Action item: The entries are to be printed again word for word, but no picture may appear.

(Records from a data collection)
===
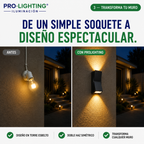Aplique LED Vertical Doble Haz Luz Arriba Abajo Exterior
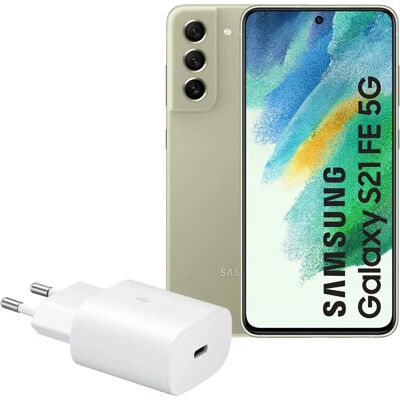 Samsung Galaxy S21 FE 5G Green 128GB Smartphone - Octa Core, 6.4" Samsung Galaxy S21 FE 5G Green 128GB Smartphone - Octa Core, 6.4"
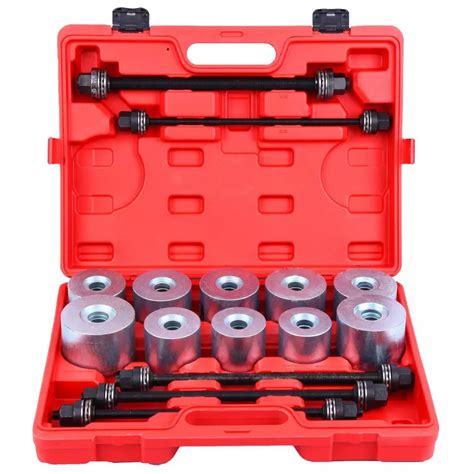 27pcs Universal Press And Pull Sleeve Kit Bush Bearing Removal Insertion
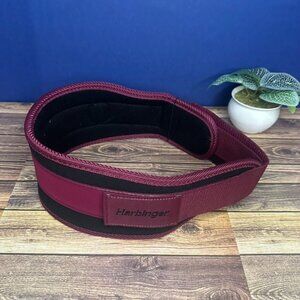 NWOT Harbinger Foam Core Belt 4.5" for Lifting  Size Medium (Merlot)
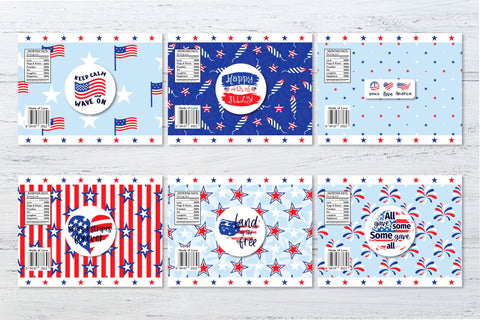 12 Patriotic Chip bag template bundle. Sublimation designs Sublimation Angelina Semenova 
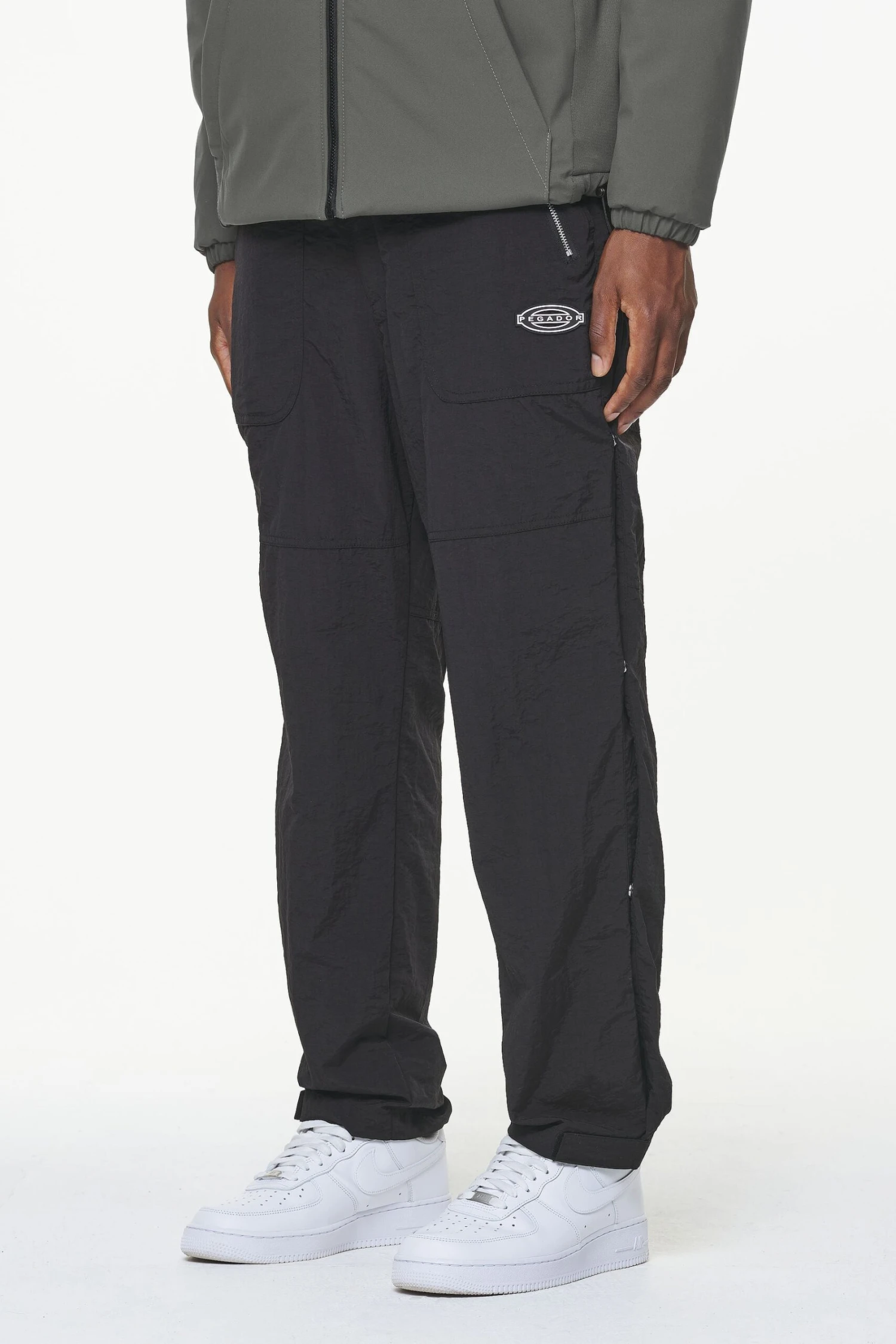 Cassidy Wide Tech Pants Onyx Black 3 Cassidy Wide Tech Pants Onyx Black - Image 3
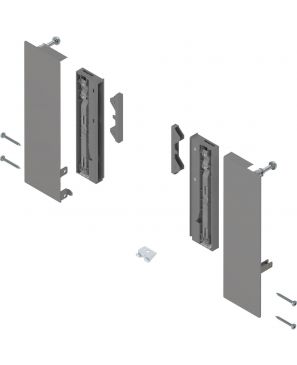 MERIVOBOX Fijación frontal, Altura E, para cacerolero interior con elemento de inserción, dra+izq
===
Solution to this problem:
Aplique LED Vertical Doble Haz Luz Arriba Abajo Exterior
 Samsung Galaxy S21 FE 5G Green 128GB Smartphone - Octa Core, 6.4" Samsung Galaxy S21 FE 5G Green 128GB Smartphone - Octa Core, 6.4"
 27pcs Universal Press And Pull Sleeve Kit Bush Bearing Removal Insertion
 NWOT Harbinger Foam Core Belt 4.5" for Lifting  Size Medium (Merlot)
 12 Patriotic Chip bag template bundle. Sublimation designs Sublimation Angelina Semenova 
 Cassidy Wide Tech Pants Onyx Black 3 Cassidy Wide Tech Pants Onyx Black - Image 3
 MERIVOBOX Fijación frontal, Altura E, para cacerolero interior con elemento de inserción, dra+izq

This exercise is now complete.